Exercise description
All lines below between the line with "Venom Essense (Remove" and the line with "[upl. by Ocihc]", including both, must be copied exactly, and the pictures must be omitted.

Extracted material
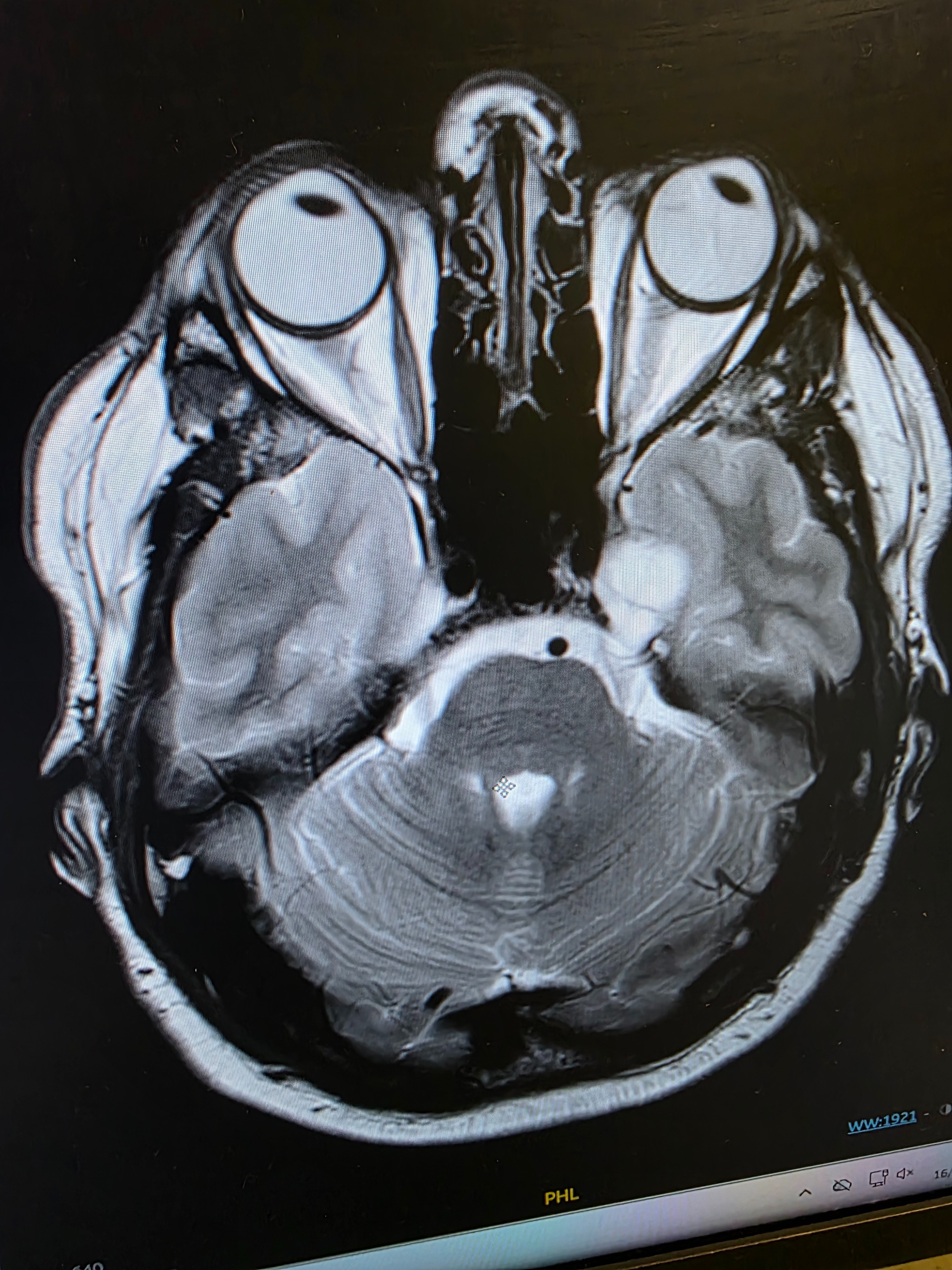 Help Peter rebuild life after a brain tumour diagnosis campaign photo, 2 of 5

==

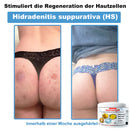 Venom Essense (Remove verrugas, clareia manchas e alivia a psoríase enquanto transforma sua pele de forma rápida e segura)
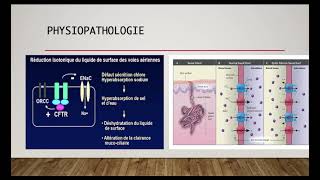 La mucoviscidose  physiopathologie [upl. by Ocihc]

Task answer
 Venom Essense (Remove verrugas, clareia manchas e alivia a psoríase enquanto transforma sua pele de forma rápida e segura)
 La mucoviscidose  physiopathologie [upl. by Ocihc]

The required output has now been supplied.